╭─ Extracted data
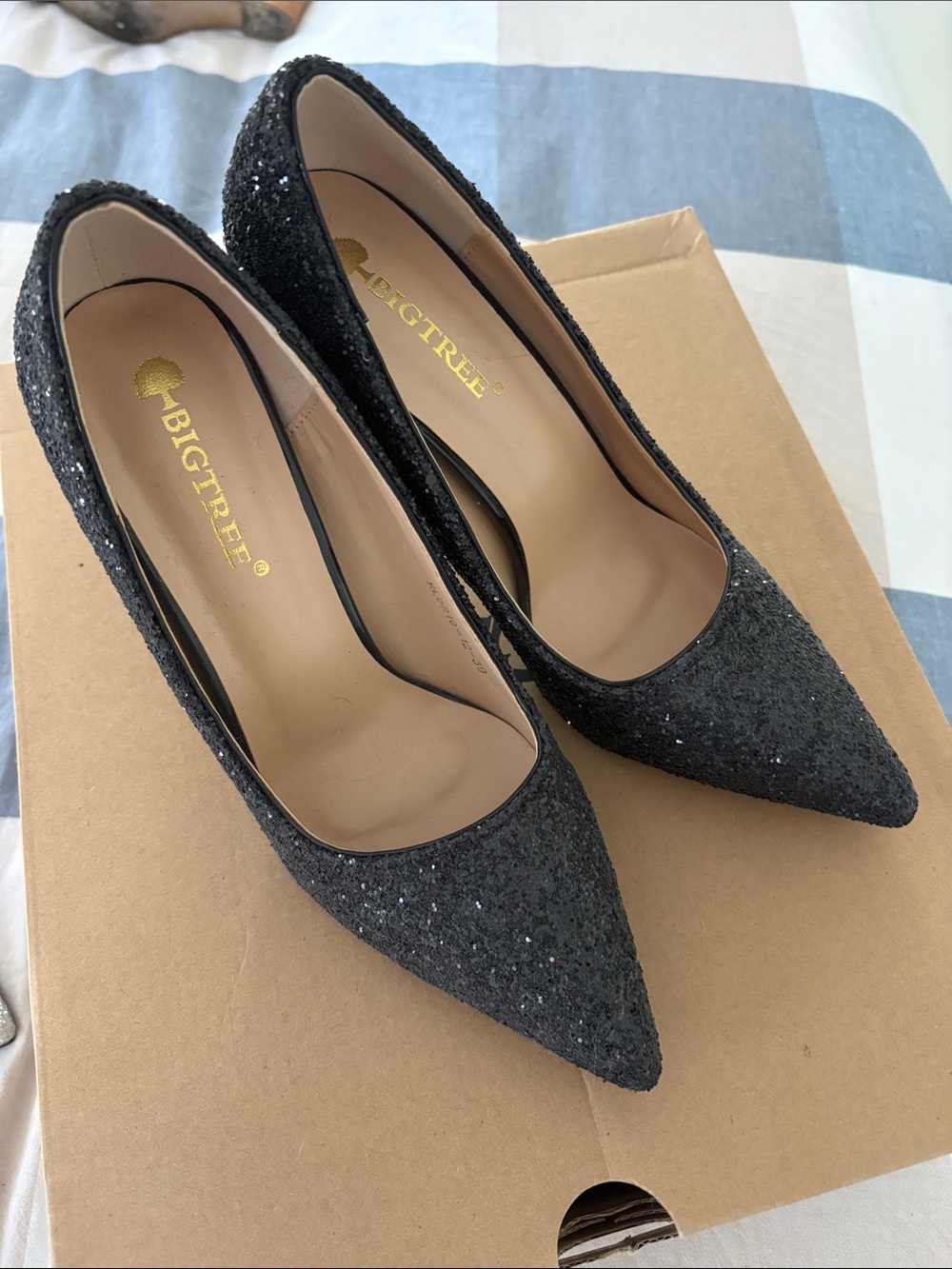 BIGTREE Black Glitter and Shine Pointed Toe Ornate Leaf Heel Size EU 39 / US 8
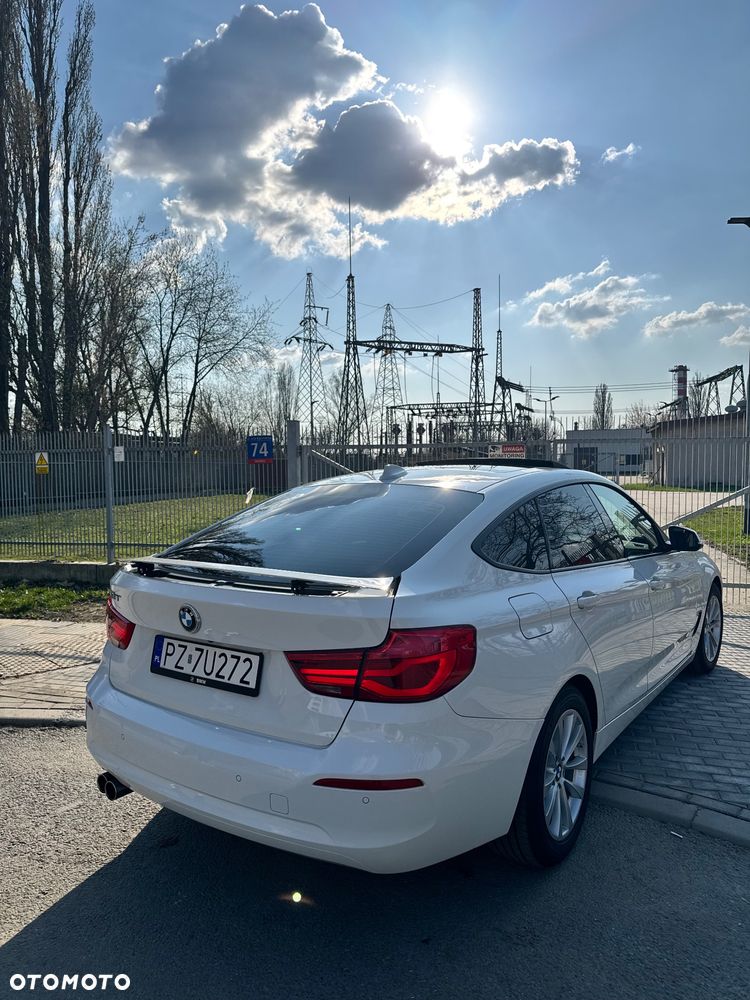BMW 3GT 320d Luxury Line - 11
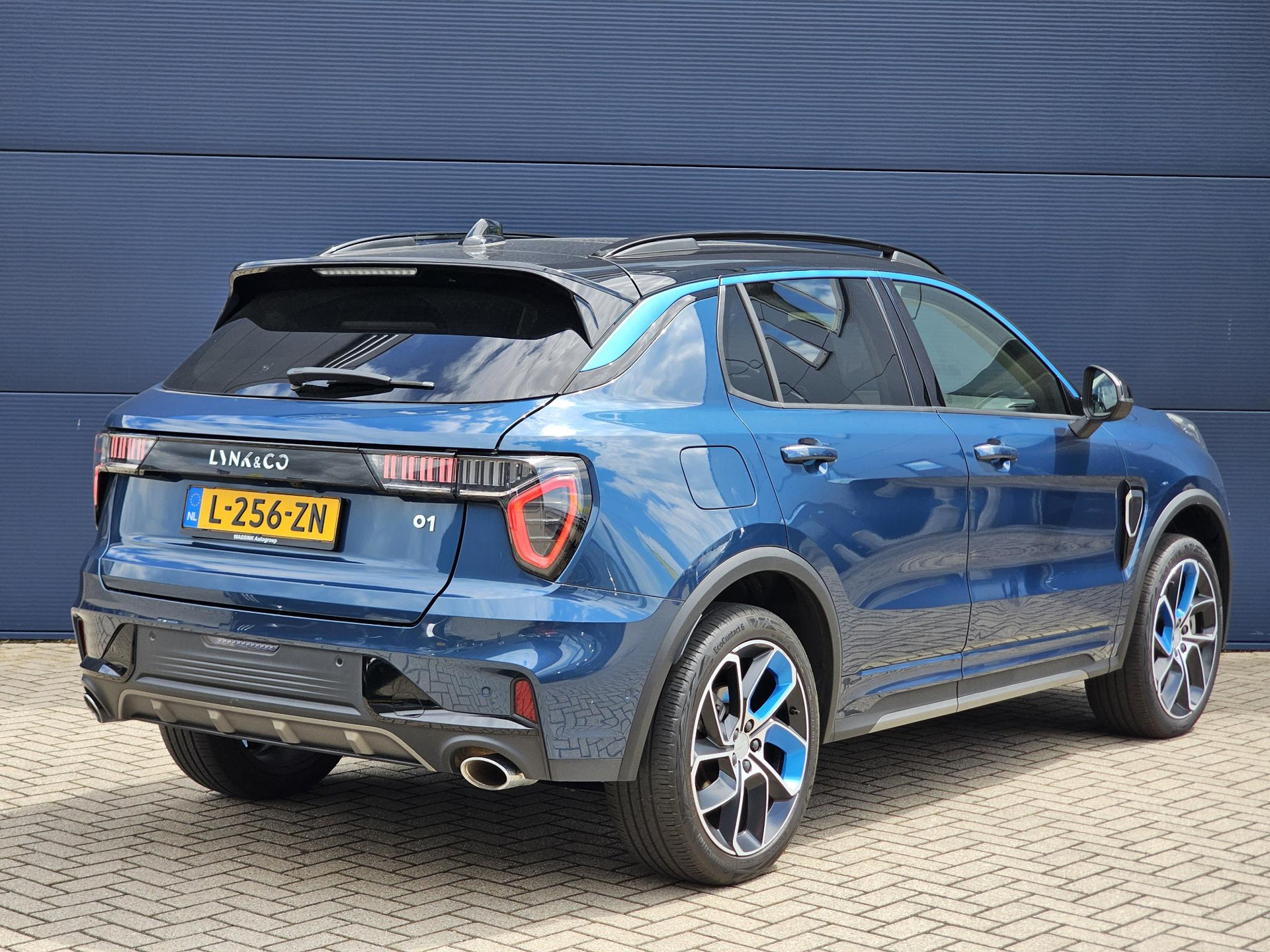 Lynk & Co 01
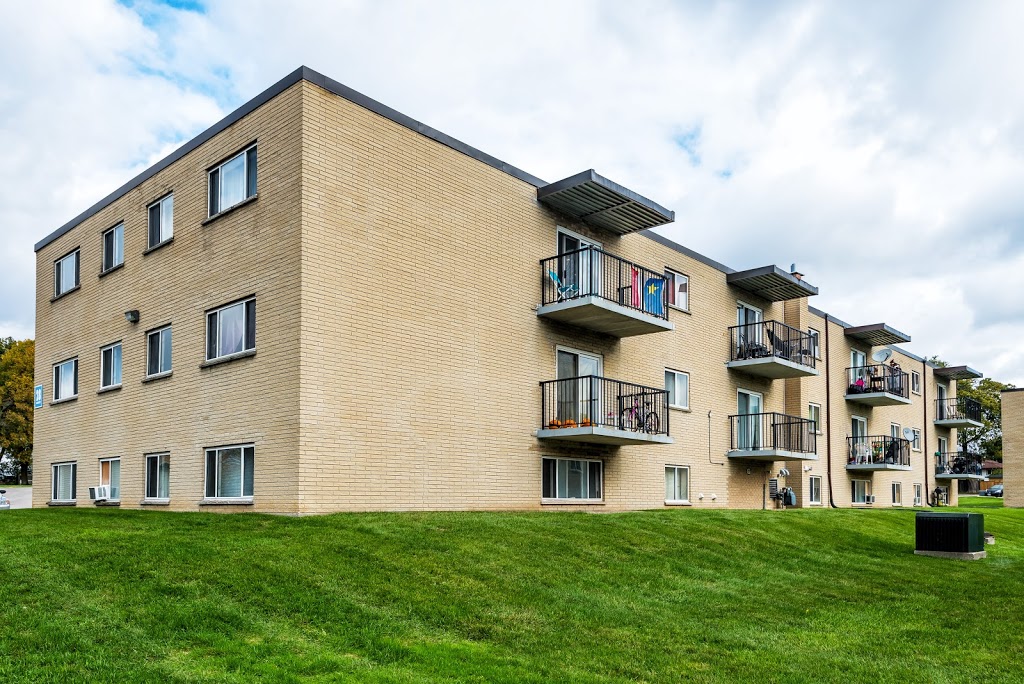 Meadowcrest Apartments | 22 Gammage St, London, ON N5Y 2A7, Canada | Phone: (519) 451-5085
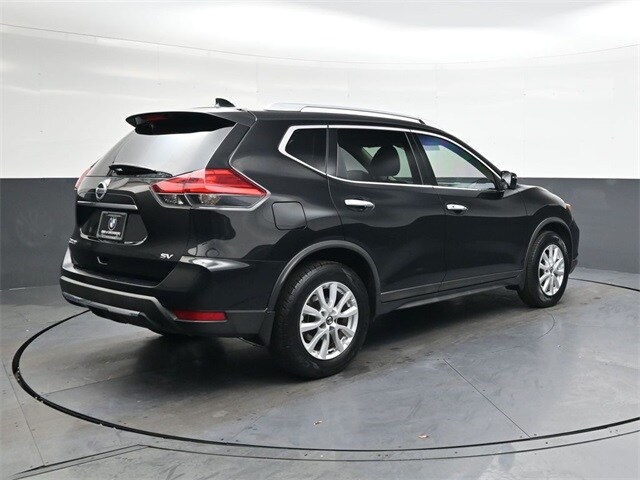 2017 Nissan Rogue SV photo 2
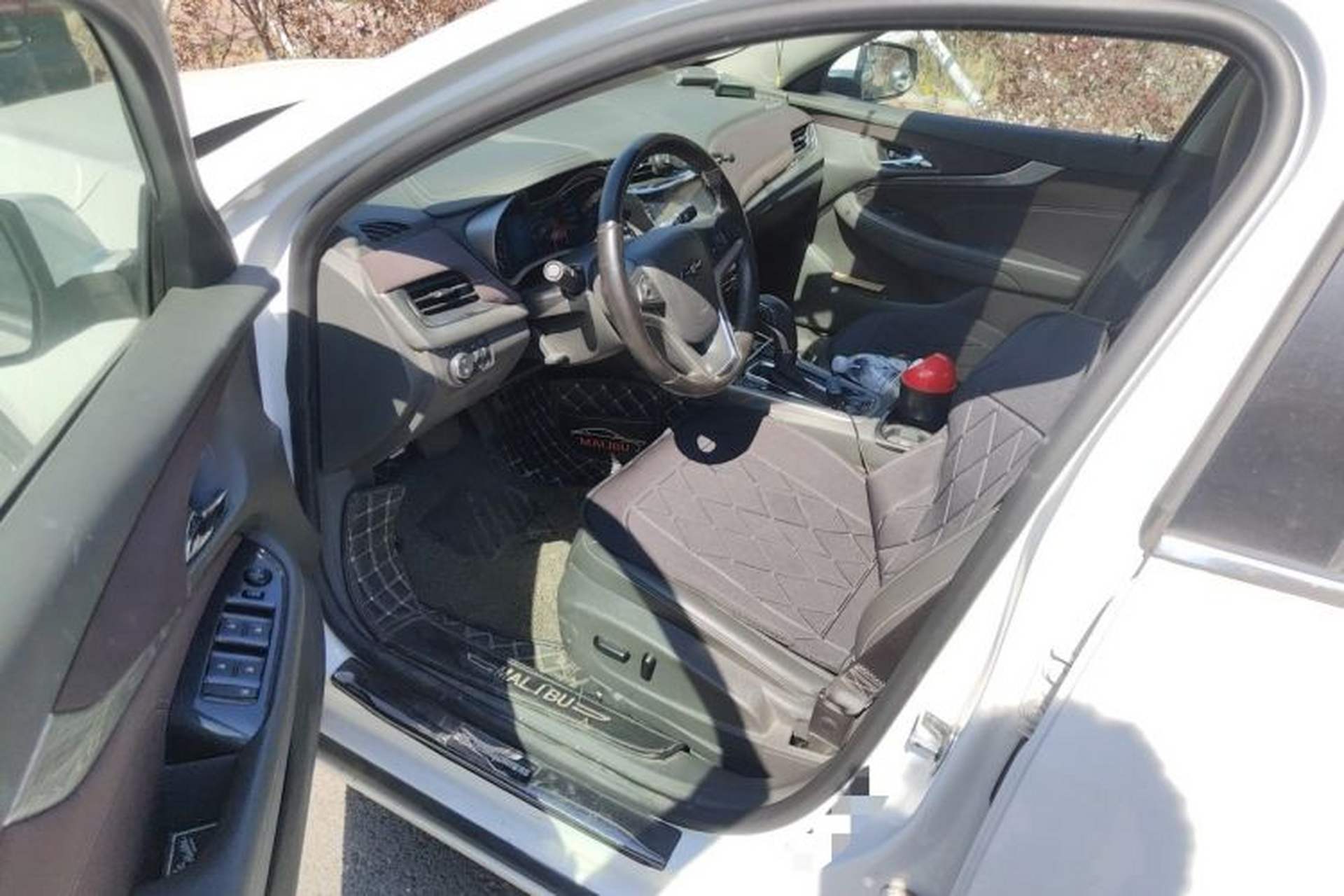 Used Chevrolet Malibu 2018 530T Automatic Fashion Edition Driver Seat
╰─
How to complete this task: Return exactly the line containing "Meadowcrest Apartments |" and every line after it, up to and including the final line of the entries above. Pictures stay out.

Solution to this exercise:
 Meadowcrest Apartments | 22 Gammage St, London, ON N5Y 2A7, Canada | Phone: (519) 451-5085
 2017 Nissan Rogue SV photo 2
 Used Chevrolet Malibu 2018 530T Automatic Fashion Edition Driver Seat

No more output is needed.